> [Goal of the exercise]: Nothing but the lines from the one with "比肩青山接桂黔 | 三亿体育群塔助建雅长特大桥" through the last line of the entries below should appear in the copy, please, and no pictures.

> [Given data]:

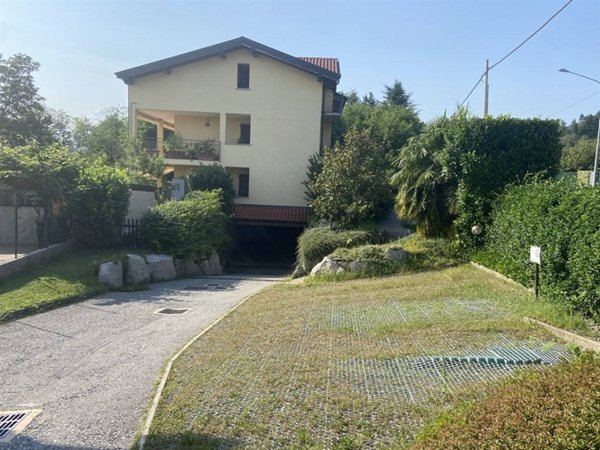 appartamento in vendita a Cocquio-Trevisago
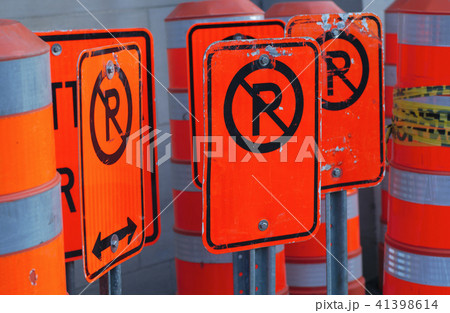 many no parking construction orange traffic sing  41398614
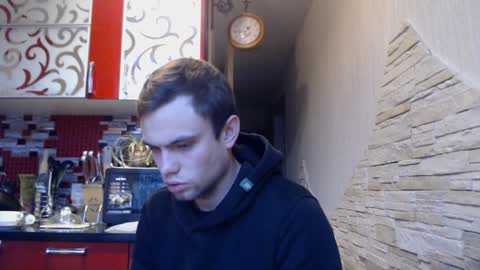 Snapshot of chester_perry chatting on 12/03/24, 10:28 chester perry online show from 12/03/24, 10:28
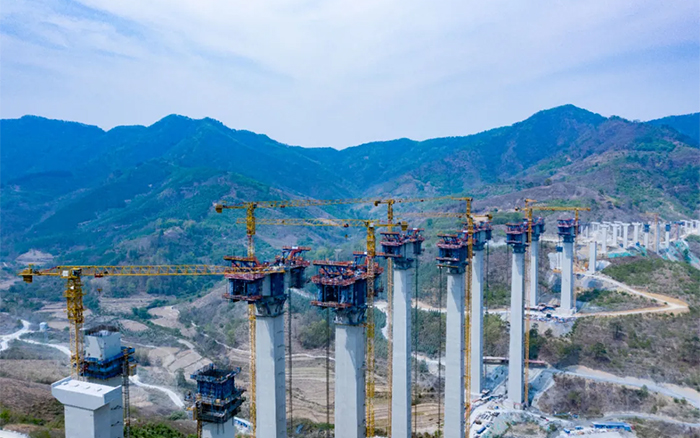 比肩青山接桂黔 | 三亿体育群塔助建雅长特大桥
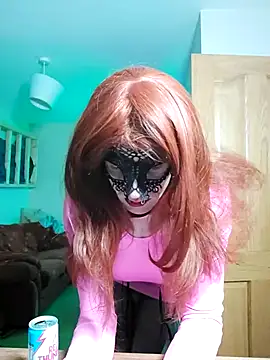 Snapshot of irishtommy1986 chatting on 12-15-25, 09:41 irishtommy1986 online show from 12-15-25, 09:41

> [Expected answer]:
 比肩青山接桂黔 | 三亿体育群塔助建雅长特大桥
 Snapshot of irishtommy1986 chatting on 12-15-25, 09:41 irishtommy1986 online show from 12-15-25, 09:41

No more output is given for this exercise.